_WORK ORDER_
Your job is to retype all of the data word for word, leaving every image out.

_DATA SHOWN_

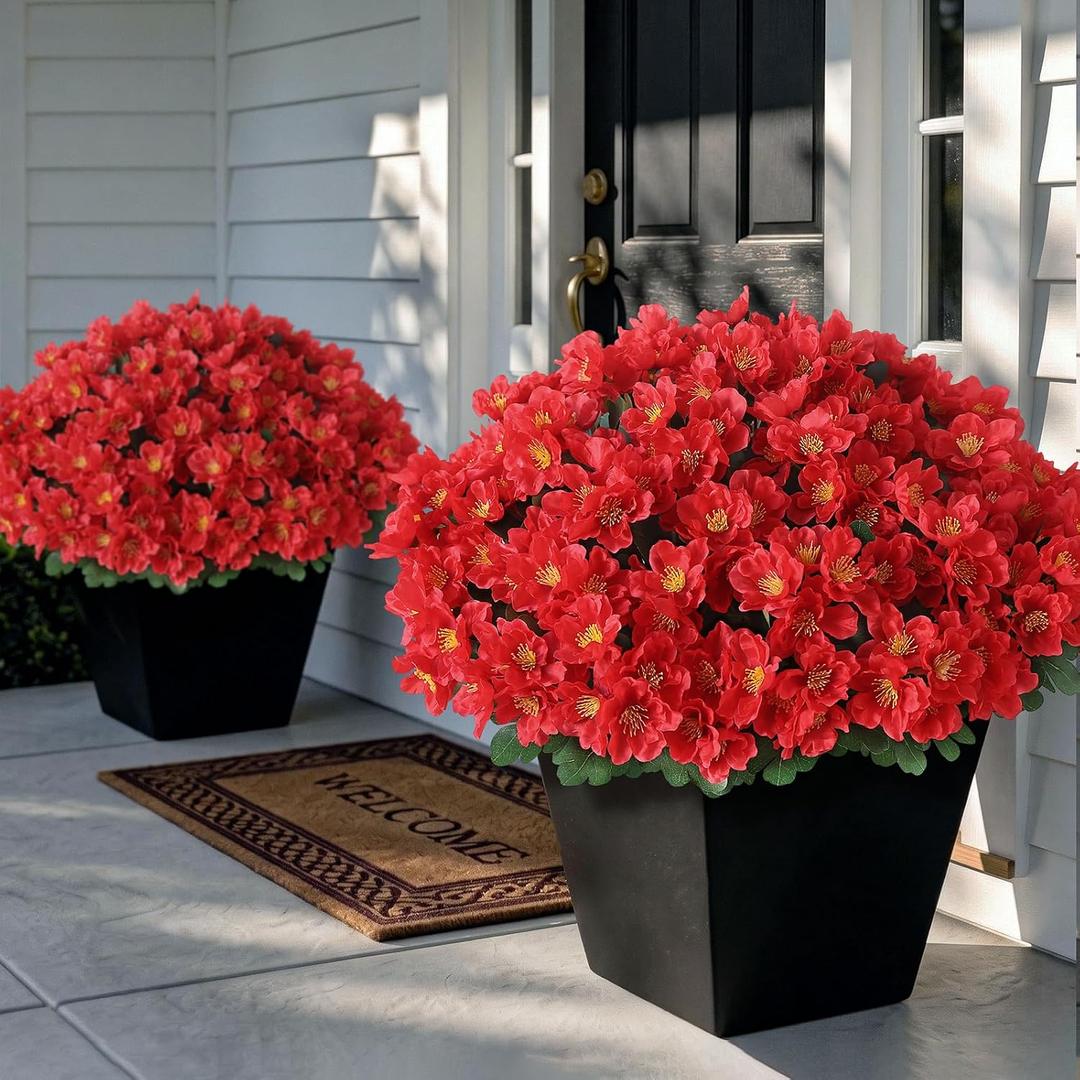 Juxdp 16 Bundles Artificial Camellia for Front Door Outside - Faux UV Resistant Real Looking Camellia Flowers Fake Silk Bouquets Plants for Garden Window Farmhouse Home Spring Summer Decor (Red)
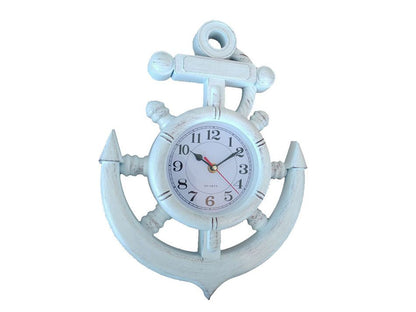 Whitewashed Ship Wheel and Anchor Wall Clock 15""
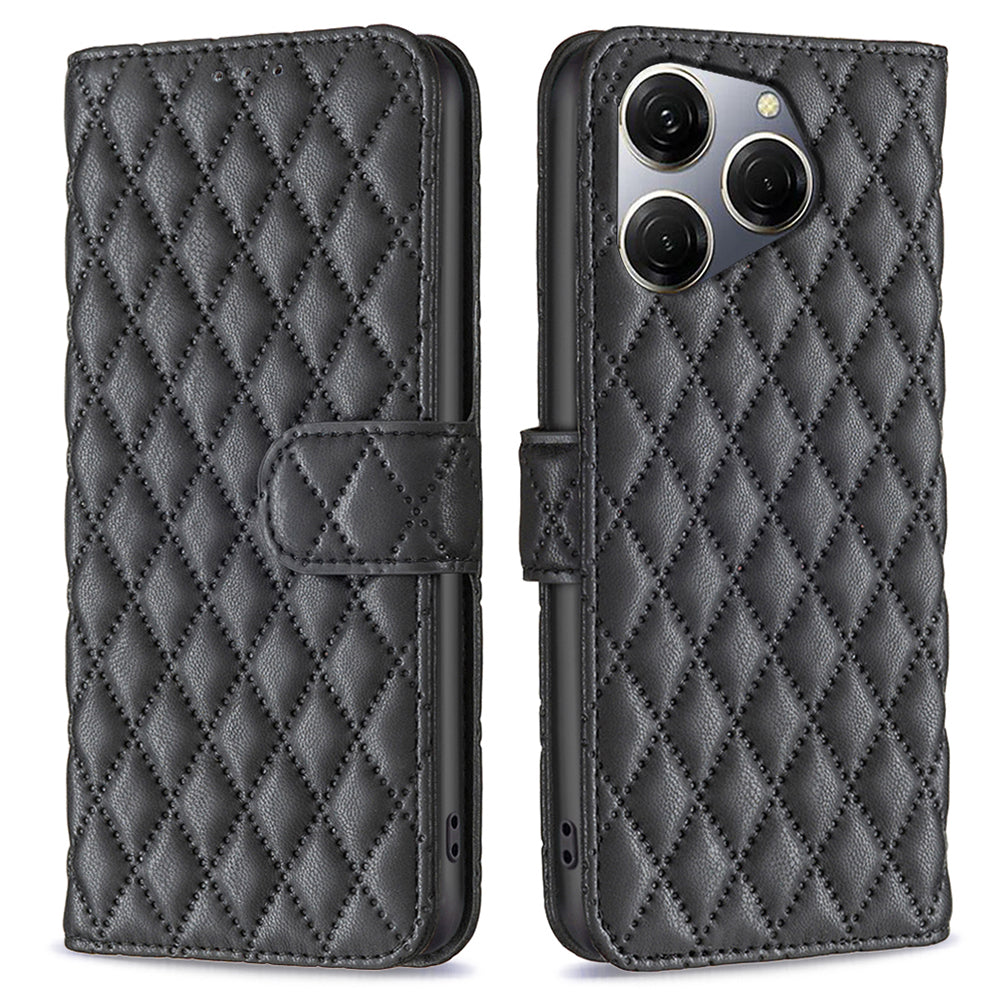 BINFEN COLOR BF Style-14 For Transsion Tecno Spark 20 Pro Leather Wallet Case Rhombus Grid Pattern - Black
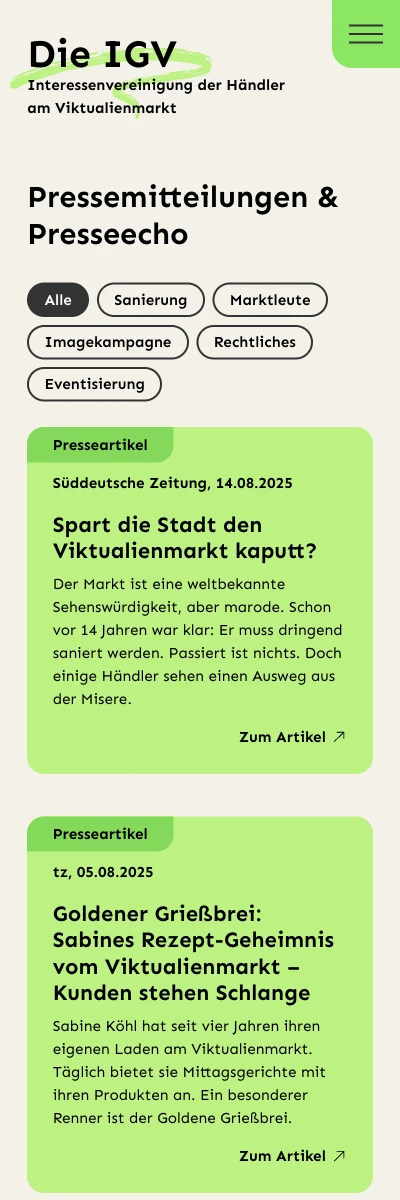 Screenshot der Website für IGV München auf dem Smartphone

_RESPONSE TO THE TASK_
 Juxdp 16 Bundles Artificial Camellia for Front Door Outside - Faux UV Resistant Real Looking Camellia Flowers Fake Silk Bouquets Plants for Garden Window Farmhouse Home Spring Summer Decor (Red)
 Whitewashed Ship Wheel and Anchor Wall Clock 15""
 BINFEN COLOR BF Style-14 For Transsion Tecno Spark 20 Pro Leather Wallet Case Rhombus Grid Pattern - Black
 Screenshot der Website für IGV München auf dem Smartphone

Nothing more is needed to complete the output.